[NYTr] Driven Outta Town: British troops qut Basra in Darkness
All the News That Doesn't Fit
nytr at blythe-systems.com
Mon Sep 3 03:12:25 EDT 2007
sent by Dave Muller (southnews)
Reuters - Sep 3, 2007
British troops quit Basra
Correspondents in Basra
BRITISH troops were quitting the southern Iraqi city of Basra today in
another step towards handing over the province to Iraqi control and
paving the way for an eventual withdrawal of British forces from Iraq.
A British Ministry of Defence source in London said troops were pulling
out of Basra Palace, which was built for Saddam Hussein, in the city
centre and withdrawing to the vast British airbase on the outskirts of
the city.
"The troops are coming out," the source said.
British military officials in Basra declined to comment but a source at
the Iraqi Ministry of Defence in the city said Iraqi troops were now
inside the palace.
One Reuters witness said he could see helicopters taking off and
landing at the palace.
The withdrawal means the end of a British presence in the volatile city
for the first time since the US-led invasion that toppled Saddam
Hussein in 2003.
It is part of plans to transfer security control of Basra province,
expected before the end of the year.
The Sunday Times reported today that Britain was preparing to hand over
control of Basra province to the Iraqi army as early as next month.
British forces, however, will remain in an "overwatch role" and
continue training Iraqi security forces as well as guard key land
supply routes from neighbouring Kuwait.
Britain has already handed over three other provinces in southern Iraq.
Some 500 troops had been based at the palace, which was bombarded daily
by mortar and rocket fire.
The withdrawal from the palace will lead to a reduction in the number
of British soldiers in Iraq to about 5000. All are based at the
airbase, which is also attacked daily.
Attacks on British troops by Shiite militias have surged - 41 British
soldiers have been killed in southern Iraq this year, the highest
number of casualties suffered by the British since the first year of
the war.
Basra, Iraq's second largest city, is strategically vital as the hub of
southern oil fields that produce nearly all of the government's
revenue, and the centre of imports and exports through the Gulf.

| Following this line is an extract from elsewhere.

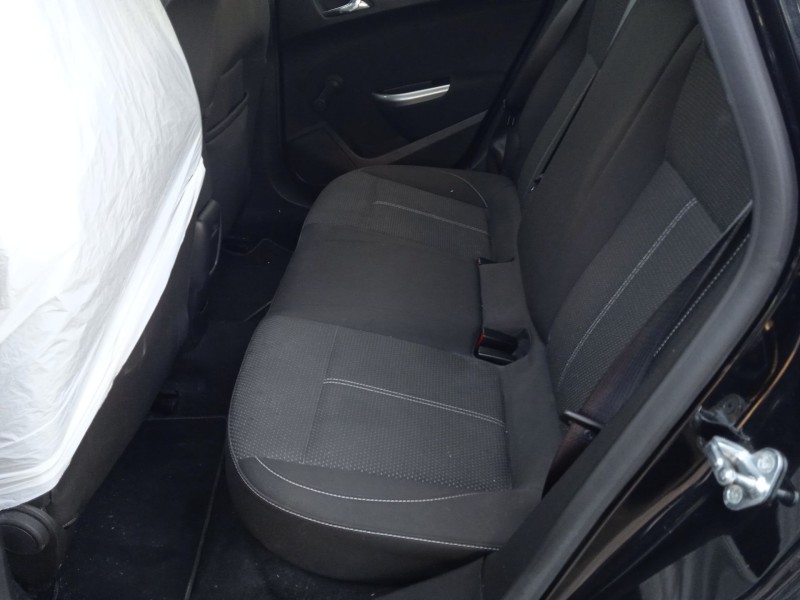 opel astra j (p10) del año 2010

It has witnessed a turf war between rival Shiite groups, including
supporters of fiery cleric Moqtada al-Sadr, the Supreme Iraqi Islamic
Council and smaller Fadhila party, mainly for political supremacy and
control of illegal oil traffic.
While residents say there is now a fragile calm between the rival
groups, there are fears that the British withdrawal will be accompanied
by an upsurge in factional violence.
In Baghdad, Prime Minister Nuri al-Maliki responded to critics in the
US Congress, saying his government had kept Iraq from plunging into
sectarian civil war.
Mr Maliki said his critics had crossed what he called a "reasonable
line" and were encouraging militants trying to destabilise Iraq.
Democratic presidential hopeful Senator Hillary Clinton and other US
lawmakers have called for Iraq's parliament to replace Mr Maliki, a
Shiite Islamist.
"They do not realise the size of the disaster that Iraq has passed
through and the big role of this government, a government of national
unity. The most important achievement is it stopped a sectarian and
civil war," Mr Maliki said.
His comments came just over a week before US President George W. Bush's
top officials in Iraq present pivotal reports on the country's security
and political situation.
Mr Maliki said he did not want to prejudge the testimony by US
commander, General David Petraeus, and Ambassador Ryan Crocker, which
is to be delivered to Congress on September 10.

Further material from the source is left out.